Is deep learning the right tool to solve my problem?
It may sound silly, but the first question founders should ask themselves is whether they even need a deep learning approach to solve their problem.
During my time in finance, I’ve often seen that we would hire a new employee directly from college who would like to use the latest deep learning model to solve a problem. After working on the model for some time, they concluded that using a variant of linear regression worked better.
To avoid falling into the so-called prototype-production gap, founders need to think carefully about the performance characteristics required for model implementation.
The moral of the story?
Deep learning may sound like a futuristic solution, but in reality, these systems are sensitive to many small factors. Often you can use an already existing and simpler solution – such as a ‘classic’ algorithm – that produces an equally good or better result at a lower cost.

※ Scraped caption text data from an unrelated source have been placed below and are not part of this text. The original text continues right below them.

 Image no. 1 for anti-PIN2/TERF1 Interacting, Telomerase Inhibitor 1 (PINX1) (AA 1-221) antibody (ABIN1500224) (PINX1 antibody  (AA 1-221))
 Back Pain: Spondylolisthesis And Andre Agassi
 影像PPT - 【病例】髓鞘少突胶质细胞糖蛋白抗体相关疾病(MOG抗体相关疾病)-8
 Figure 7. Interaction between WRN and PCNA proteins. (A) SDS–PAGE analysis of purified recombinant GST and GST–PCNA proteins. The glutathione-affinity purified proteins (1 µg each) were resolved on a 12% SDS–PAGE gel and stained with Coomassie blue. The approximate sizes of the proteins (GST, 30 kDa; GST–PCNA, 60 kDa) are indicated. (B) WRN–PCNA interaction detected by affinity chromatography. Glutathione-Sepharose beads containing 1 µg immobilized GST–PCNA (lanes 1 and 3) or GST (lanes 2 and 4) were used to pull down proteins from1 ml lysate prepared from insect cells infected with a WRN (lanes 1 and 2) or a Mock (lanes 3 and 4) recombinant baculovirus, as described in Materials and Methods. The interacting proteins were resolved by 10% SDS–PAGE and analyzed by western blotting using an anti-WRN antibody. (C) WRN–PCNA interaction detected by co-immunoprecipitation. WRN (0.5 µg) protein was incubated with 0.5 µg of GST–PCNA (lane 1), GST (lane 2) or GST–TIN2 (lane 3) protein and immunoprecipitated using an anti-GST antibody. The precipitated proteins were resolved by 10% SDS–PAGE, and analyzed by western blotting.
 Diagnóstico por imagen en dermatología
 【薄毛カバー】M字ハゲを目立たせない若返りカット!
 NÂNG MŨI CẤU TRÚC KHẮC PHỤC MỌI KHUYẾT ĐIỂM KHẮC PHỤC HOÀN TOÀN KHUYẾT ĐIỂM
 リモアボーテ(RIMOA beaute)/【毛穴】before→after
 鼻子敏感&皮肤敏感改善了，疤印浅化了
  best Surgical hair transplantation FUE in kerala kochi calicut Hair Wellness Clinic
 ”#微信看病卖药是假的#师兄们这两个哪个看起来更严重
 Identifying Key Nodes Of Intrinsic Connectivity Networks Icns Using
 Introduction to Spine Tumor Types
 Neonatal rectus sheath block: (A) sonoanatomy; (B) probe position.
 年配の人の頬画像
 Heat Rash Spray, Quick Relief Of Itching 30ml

Consider the problem and solution from all angles before building a deep learning model.
Deep learning in general, and computer vision in particular, holds promise for creating new approaches to solving old problems. However, building these systems comes with an investment risk: you need machine learning engineers, lots of data and validation mechanisms to take these models into production and build a functioning AI system.
It is best to evaluate whether a simpler solution can solve your problem before embarking on such a large-scale effort.
Conduct a thorough risk assessment
Before building an AI system, founders need to consider their risk appetite, which means evaluating the risks that arise at both the application layer and the research and development stage.